Pada tahun 1850 M, Johan Hendrik Caspar Kern atau biasa disebut juga Hendrik Kern dinyatakan lulus dari sekolah menengah atas (Gymnasium) di Zutfen, Gelderland, Nederland. Dimana seharusnya, apabila menempuh pendidikan secara normal dan regular, maka dia baru akan lulus dari Gymnasium pada tahun 1852 M. Namun demikian, Hendrik Kern telah diizinkan masuk ke Gymnasium pada tahun 1849 M langsung pada kelas dua, dan kemudian pada tahun berikutnya, yakni pada tahun 1950 M, Johan Hendrik Caspar Kern melakukan lompatan kembali dengan cara mengikuti ujian sekolah kelas tiga dan kemudian dinyatakan lulus. Dengan demikian, Johan Hendrik telah menyintas waktu sebanyak dua tahun dalam menyelesaikan seluruh rangkaian jenjang sekolahnya (sejak sekolah dasar hingga sekolah menengah pertama dan sekolah menengah atasnya), yang seharusnya ditempuh secara normal dan regular selama 12 (dari tahun 1840 M hingga tahun 1852 M).

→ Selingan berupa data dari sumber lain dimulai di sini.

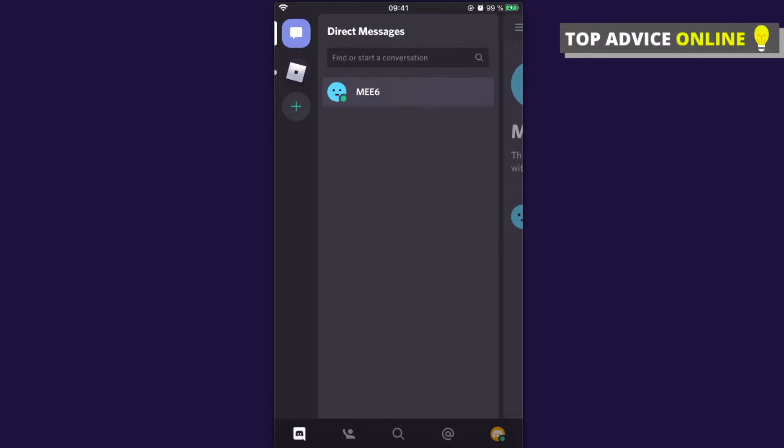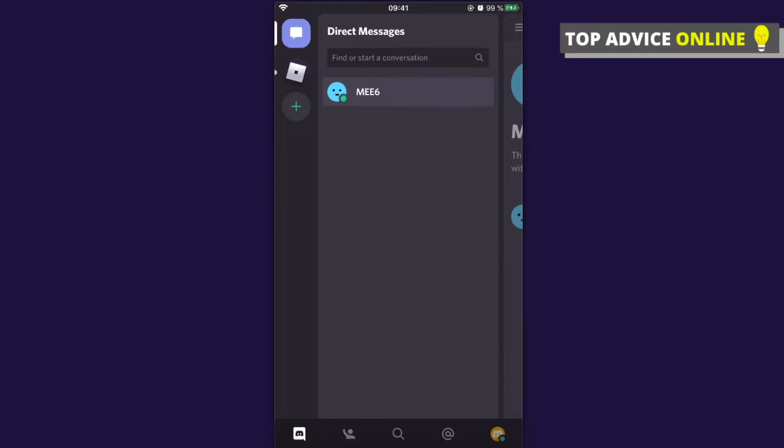In this video I will show you how you can leave a Discord server on mobile. This works on both iOS and Android devices because it's the same process.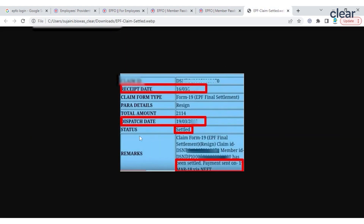Employees can check their EPF balance by downloading the UMANG app. To access the app, members must complete a one-time registration using their UAN-registered cell phone number. Let's have a look at how you can use the UMANG app to view your EPF transactions.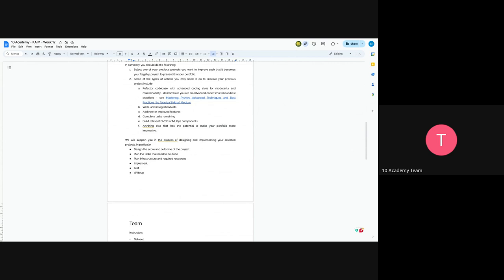It's better to update the current one. Creating a new one will not have that much effect. So you'll have to select some projects and spend the whole week modifying those projects.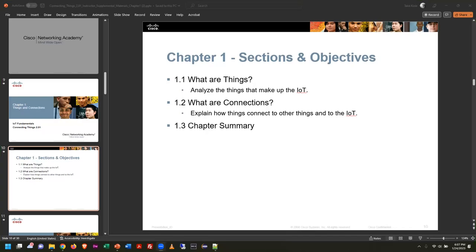Welcome, everybody. We're going to be going through our Chapter 1 slides — just like I magically started from scratch in my video, right? Everybody in the classroom knows differently. We are on slide number 10 here in the Chapter 1 PowerPoint.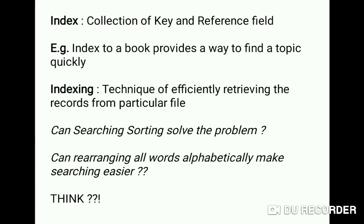An index is a collection of key and reference fields. Let's take the example of a book index: in a book index we have a list of topics and the page numbers. Consider the list of topics as keys and the page numbers as reference fields. An index provides a way to find a topic quickly.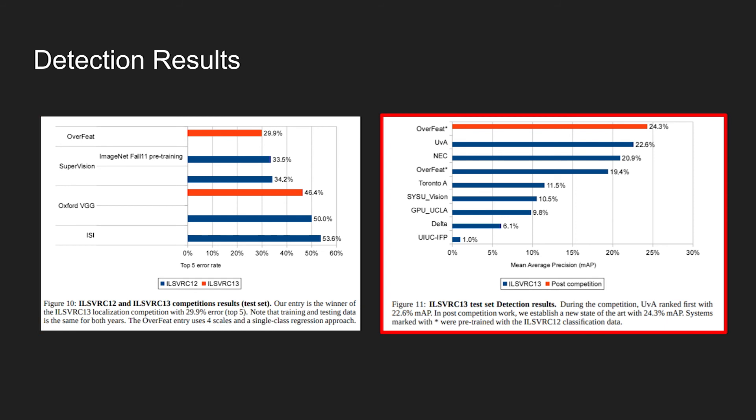On the right is the evaluation of ILSVRC 13 dataset using mean average precision metric. Overfeat with an asterisk denotes that the model was pre-trained using ILSVRC 12 classification dataset. At this time, Overfeat network achieved state-of-the-art performance of 24.3%, which was about 2% greater than the UVA method.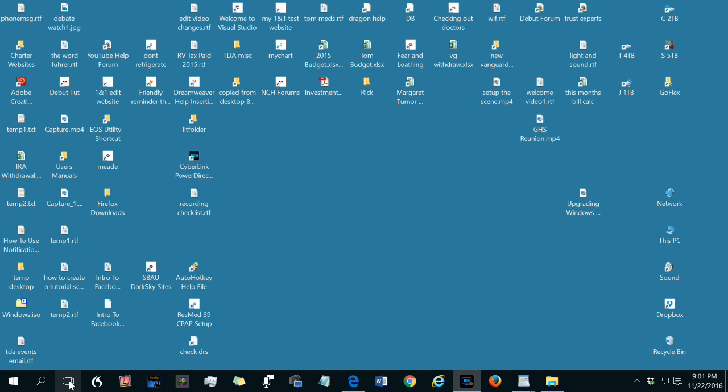If you are using multiple monitors, the task view button rearranges open windows on their respective monitors. Minimized windows are shown on the monitor they were minimized from.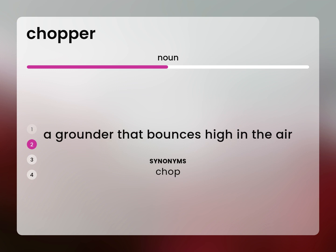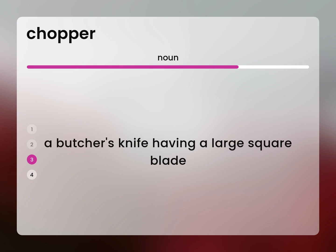A butcher's knife having a large square blade: Cleaver. Meat cleaver.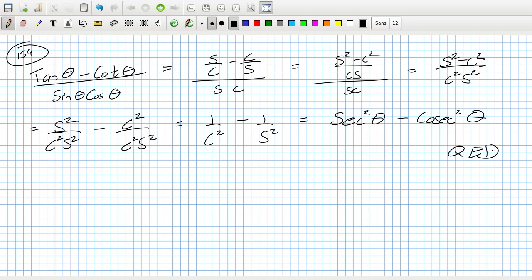Next time we've got some trig equations to solve, then some graphing, and then a calculator question. There are a lot of questions in this trig exercise — it's a big one. That's it for today. We got a good bit done — problems 139 to 154. Not bad going.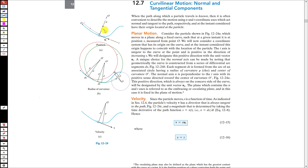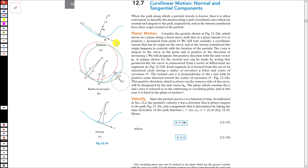We consider the t and n coordinate system. The t-axis is tangent to the curve at that particular point and is positive in the direction of increasing s. So when the particle is traveling in the direction of increasing s, that is the positive t-axis direction. If the particle moves in the opposite direction, s decreases and that is the negative t-axis direction.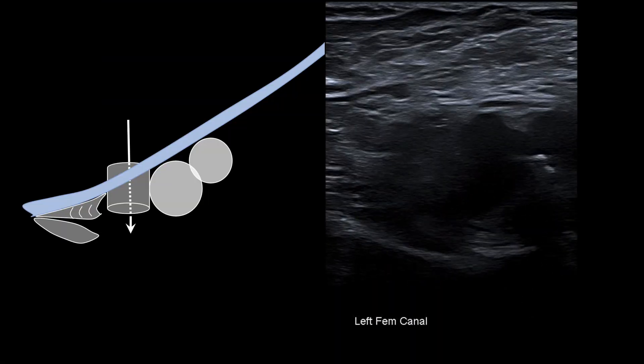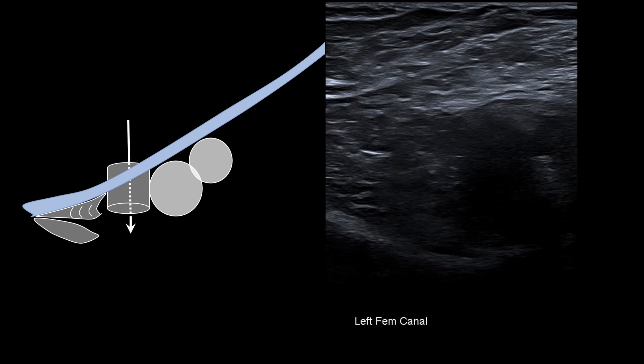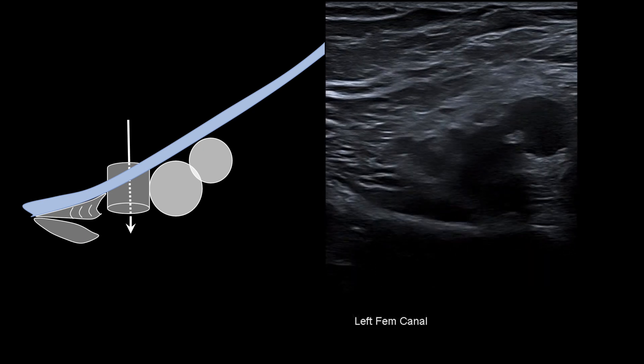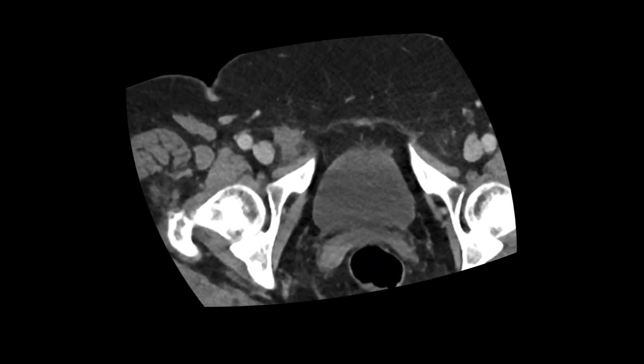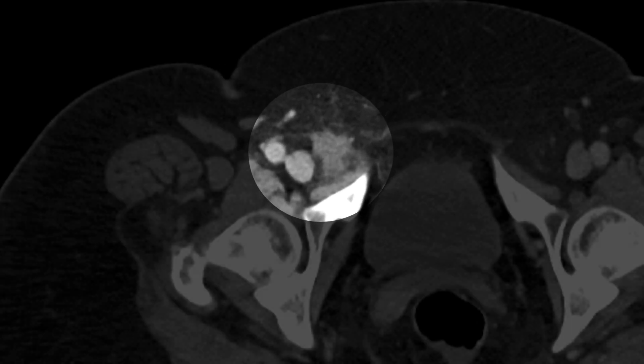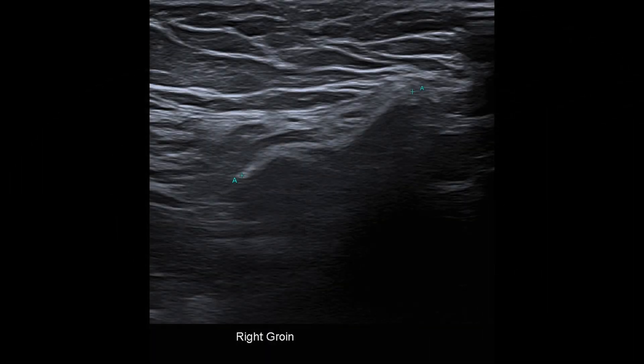The management of femoral hernias can be slightly different. This is a CT that reported a nodular soft tissue density within the right groin, query atypical lymph node. But on ultrasound, we can see a linear echogenic line with some minor shadowing, consistent with a proline hernia repair plug.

Pada tahun 1850 M, setelah menyelesaikan sekolah Gymnasium, Johan Hendrik Caspar Kern melanjutkan kuliah ke Universitas Utrecht (Universiteit Utrecht) dan mengambil jurusan Humaniora (Letterenstudie). Pada masa ini, Johan Hendrik telah menaruh minat yang besar pada bahasa (Taal) dan Sastra (Letterkunde), terutama dari rumpun bahasa-bahasa Timur (Oosterse Talen). Johan Hendrik Caspar Kern, hanya menempuh pendidikan di Universitas Utrecht selama satu tahun, hingga menyelesaikan ujian (Mathesisexamen) pada tahun 1851 M. Dari Universitas Utrecht, Hendrik Kern kemudian melanjutkan studi ke Universitas Leiden (Universiteit Leiden), karena di sana terdapat suguhan kesempatan untuk mempelajari bahasa Sanskrit (Sanskriet) di bawah pengajaran A. Rutgers yang merupakan seorang ahli Ibrani (Hebraicus).
Ahli Ibrani (Hebraicus) adalah seseorang yang secara khusus dan akademik mempelajari bahasa (Taal) dan naskah-naskah (Literatuur) dari khazanah komunitas yang biasa disebut Ibrani (Heebreuwse), Yahudi (Joodse), dan Semit (Semitische). Selain dipicu oleh adanya polemik, gairah pengkajian Ibrani di Eropa; berkembangnya kajian Ibrani juga berkembang karena adanya temuan-temuan Hieroglif (Hierogliefen), Sanskrit (Sankriet), dan temuan-temuan Arkeologi (Archeologische) di Asia Barat Daya atau dalam sudut pandang Eropa adalah Timur Dekat (Nabije Oosten) yang terhubung dengan berita-berita di dalam Alkitab (Bijbelse).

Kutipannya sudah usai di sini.